Top of SUPPLIED RECORDS
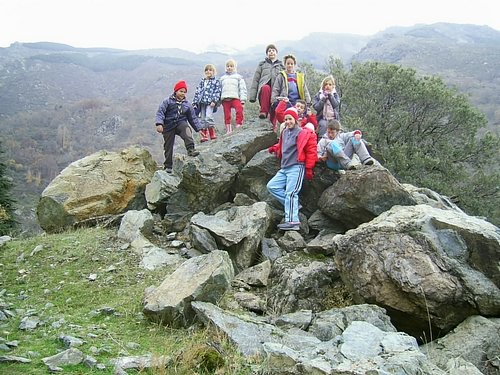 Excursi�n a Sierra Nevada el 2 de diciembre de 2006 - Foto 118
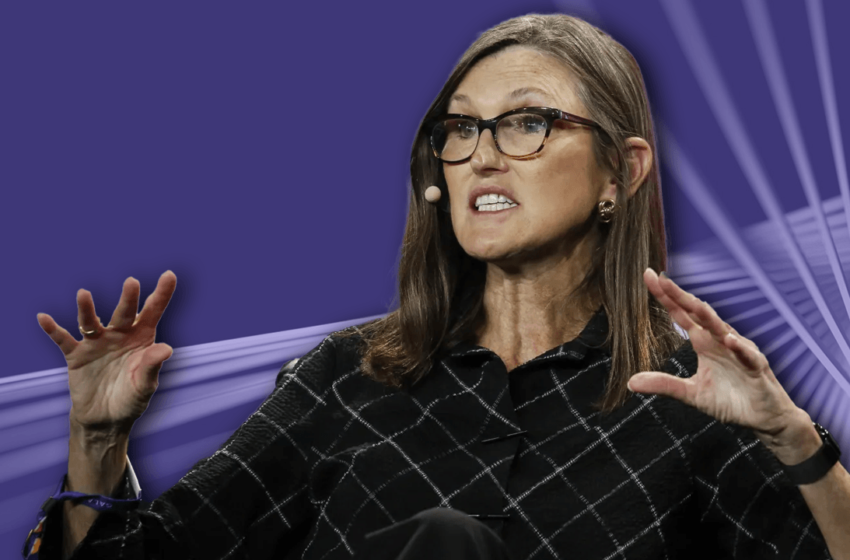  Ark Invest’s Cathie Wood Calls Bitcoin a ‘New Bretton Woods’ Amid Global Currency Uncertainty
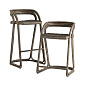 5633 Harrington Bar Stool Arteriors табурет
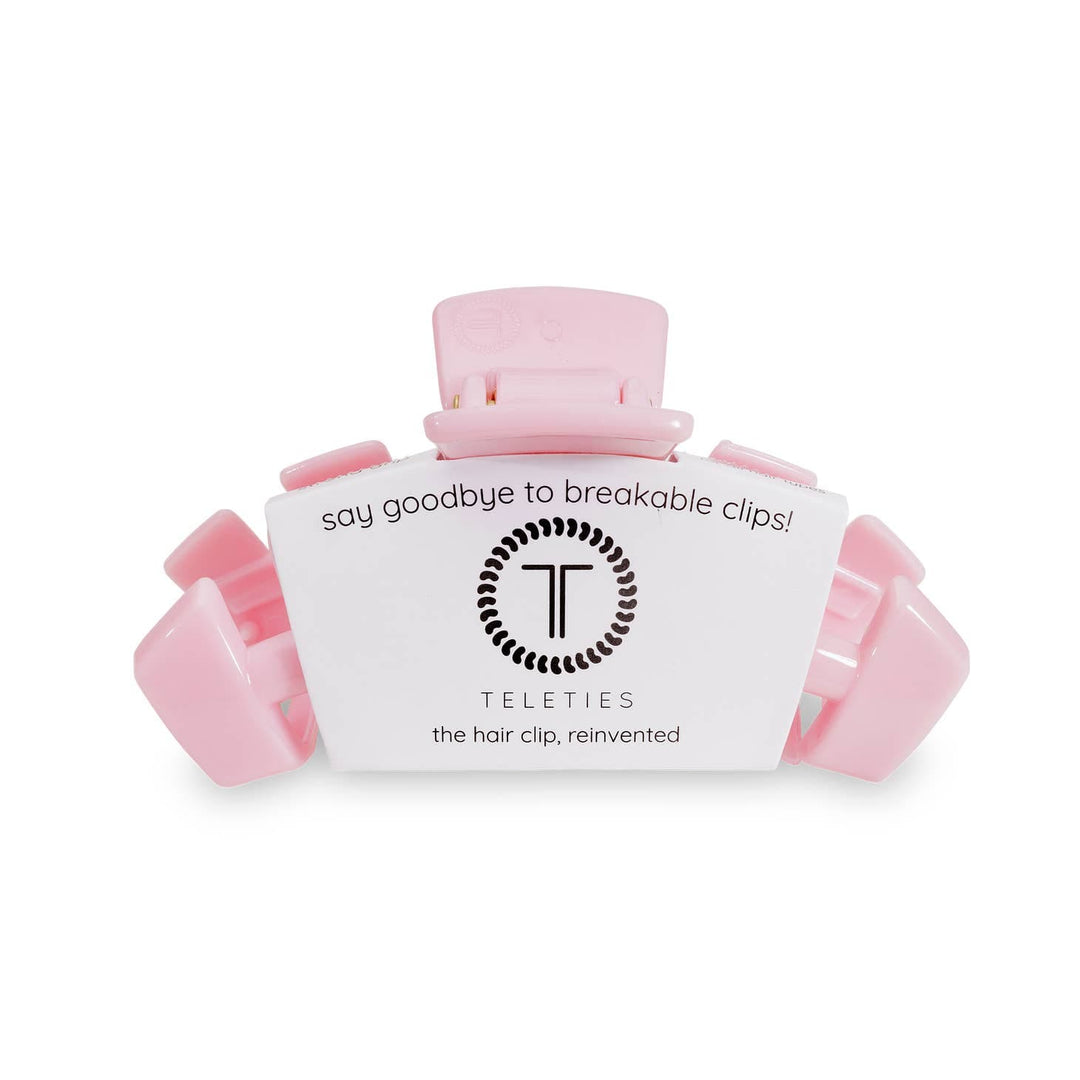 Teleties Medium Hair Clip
Bottom of SUPPLIED RECORDS
Top of SUPPLIED RECORDS
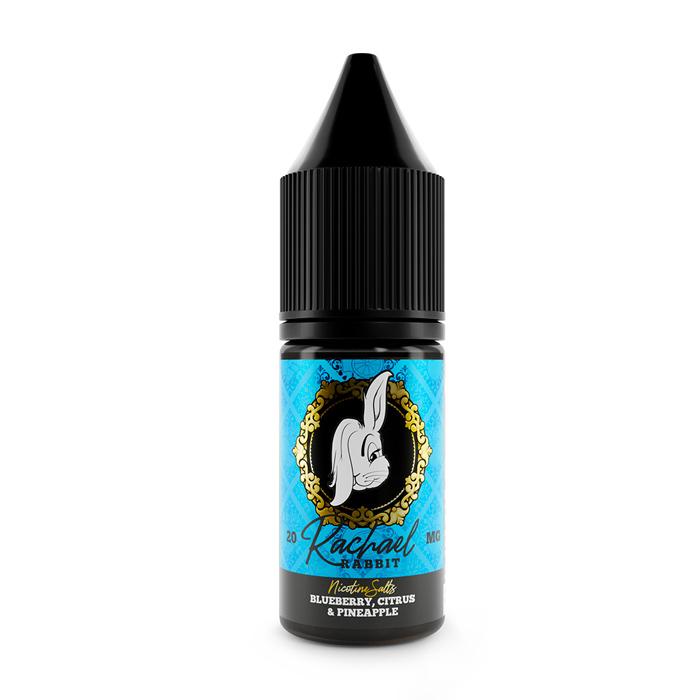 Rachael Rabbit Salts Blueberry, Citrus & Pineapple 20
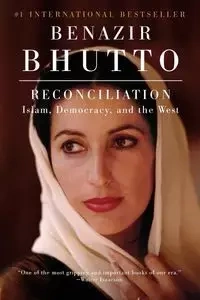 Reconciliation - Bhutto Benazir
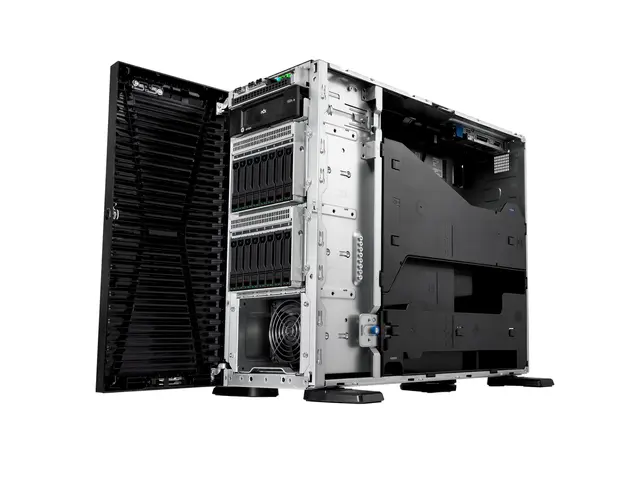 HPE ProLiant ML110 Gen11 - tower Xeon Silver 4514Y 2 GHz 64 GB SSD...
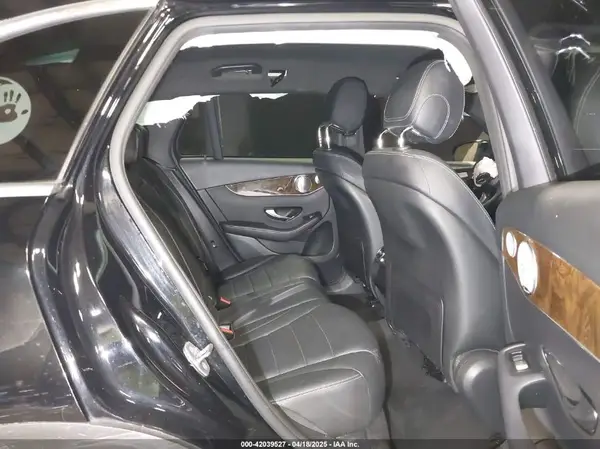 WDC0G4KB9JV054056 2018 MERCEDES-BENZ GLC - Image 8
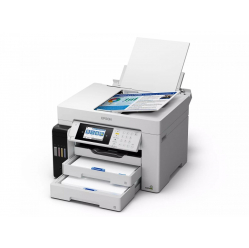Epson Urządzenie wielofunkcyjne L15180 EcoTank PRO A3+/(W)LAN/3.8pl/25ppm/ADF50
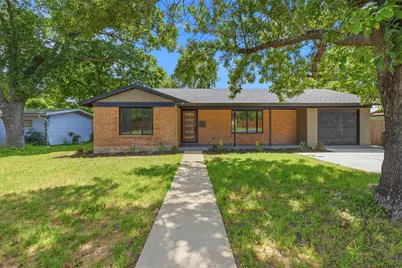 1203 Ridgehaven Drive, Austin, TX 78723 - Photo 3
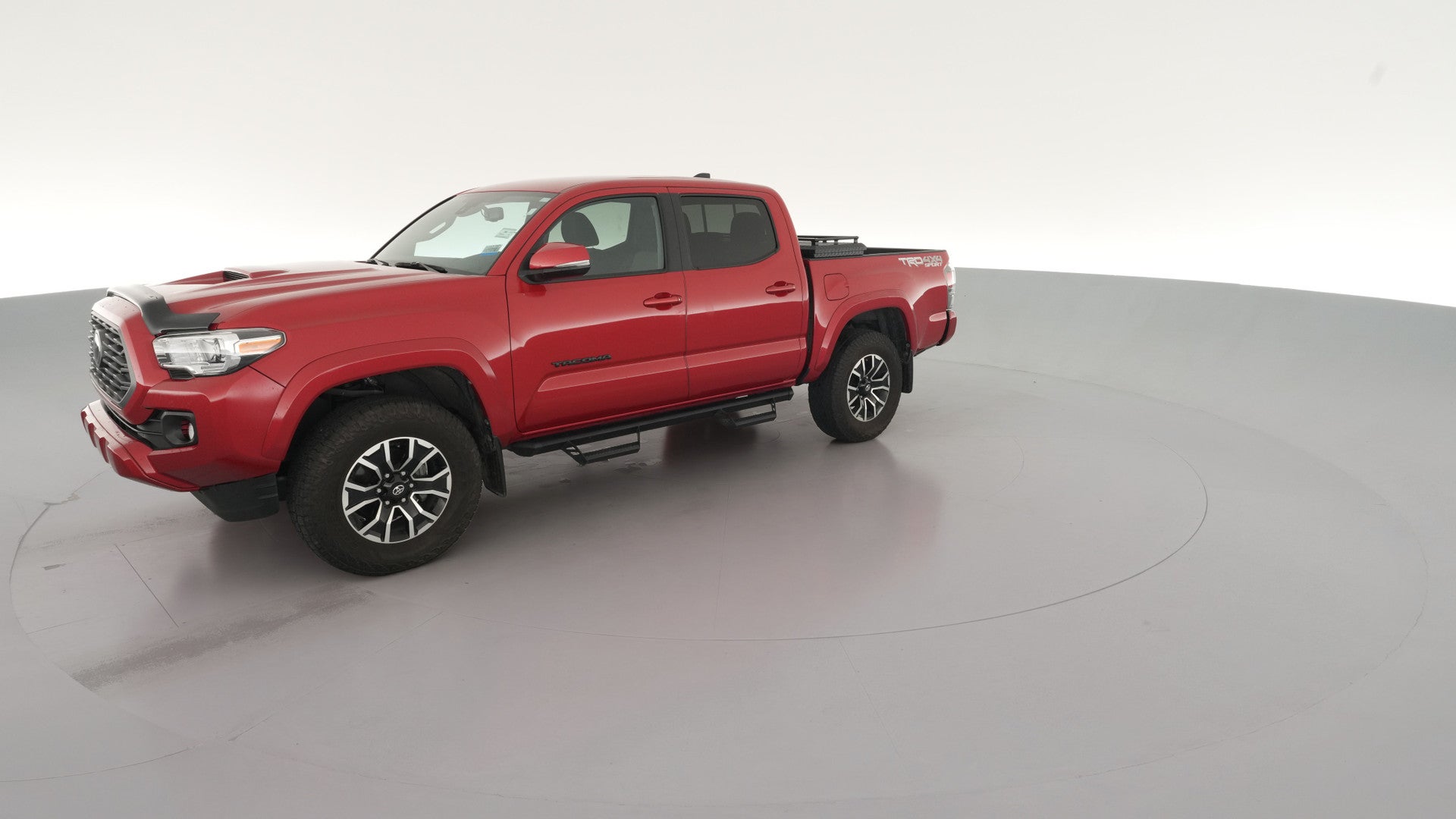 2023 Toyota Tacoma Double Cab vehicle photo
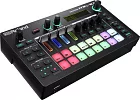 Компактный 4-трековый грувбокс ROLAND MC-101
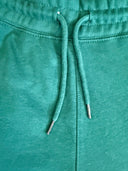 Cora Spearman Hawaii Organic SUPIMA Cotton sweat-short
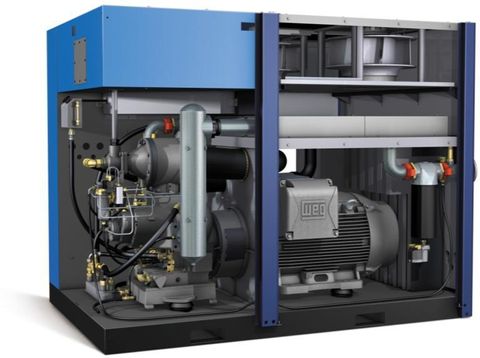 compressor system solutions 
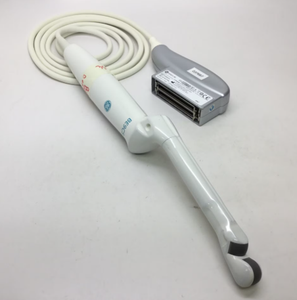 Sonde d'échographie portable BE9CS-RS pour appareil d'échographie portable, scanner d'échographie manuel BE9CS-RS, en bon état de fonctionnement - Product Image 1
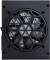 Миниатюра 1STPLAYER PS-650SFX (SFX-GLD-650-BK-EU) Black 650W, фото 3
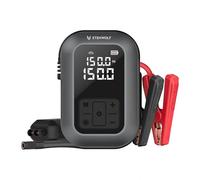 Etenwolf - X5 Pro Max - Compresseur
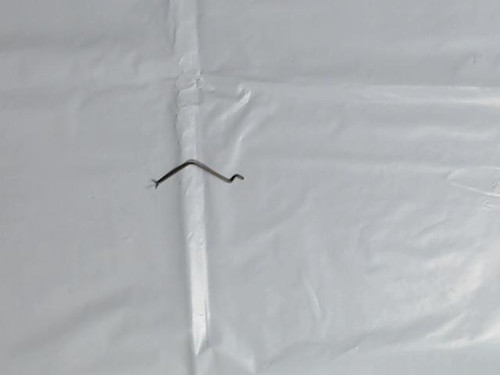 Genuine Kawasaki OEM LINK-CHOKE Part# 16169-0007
Bottom of SUPPLIED RECORDS
◆ EXERCISE GOAL ◆
Your answer should be the exact lines above from the one containing "Excursi�n a Sierra" through the one containing "Teleties Medium Hair Clip", with both end lines kept and the pictures removed, please.

◆ THE COMPLETED TASK ◆
 Excursi�n a Sierra Nevada el 2 de diciembre de 2006 - Foto 118
  Ark Invest’s Cathie Wood Calls Bitcoin a ‘New Bretton Woods’ Amid Global Currency Uncertainty
 5633 Harrington Bar Stool Arteriors табурет
 Teleties Medium Hair Clip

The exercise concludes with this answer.